Elegiac memoir of the Tories’ heady heyday in the 1980s among the court of Margaret Thatcher.
When Stothard (Alexandria: The Last Nights of Cleopatra, 2013, etc.), the former editor of the Times Literary Supplement and a devoted classicist, first met Thatcher in 1985, he was still a junior editor at the Times. She was just into her second term as prime minister and was busy cultivating a sycophantic court of powerful men, whom Stothard would soon get to know intimately—specifically, the four “Senecans” of the title who would eventually form a Latin-reading group meeting weekly at a pub in London.

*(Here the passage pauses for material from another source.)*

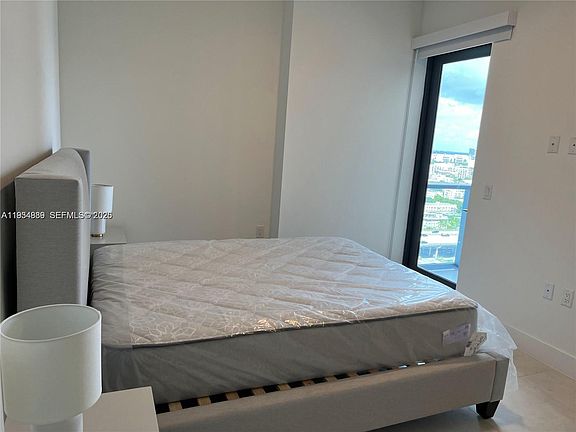 5th image of 239 SW 9th St #2103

Framed somewhat stiltedly as a series of interviews with a young historian, “Miss R,” who was doing a “project” on Thatcher’s era in power, conducted between June and August 2014 as Stothard, then TLS editor, was emptying his office on Thomas More Square in preparation for the company’s move, this memoir celebrates the four now-deceased men—political adviser David Hart, journalist Frank Johnson, playwright and speechwriter Ronald Millar, and playwright Woodrow Wyatt—as versions of Seneca, a Latin writer who became a kind of political speechwriter for the powerful Roman emperor Nero. Seneca, the Stoic whose work partly comprised the group’s Latin lessons at the pub, wrote about everything from exchanging favors to “how to survive in dangerous times, how to live a good life in even the worst of times.” In these interviews, as Stothard and Miss R gaze down on the old newspaper building (in the process of being razed) that had been the site of violent confrontations between the government and the unions during the 1980s, the author contemplates the passing of his brilliant, disputatious friends and mourns an entire era as well as his own youth and newspaper career.
Stothard is certainly a unique stylist, but the structure and mystifying detail of British politics and personalities may be a tough sell for many American readers.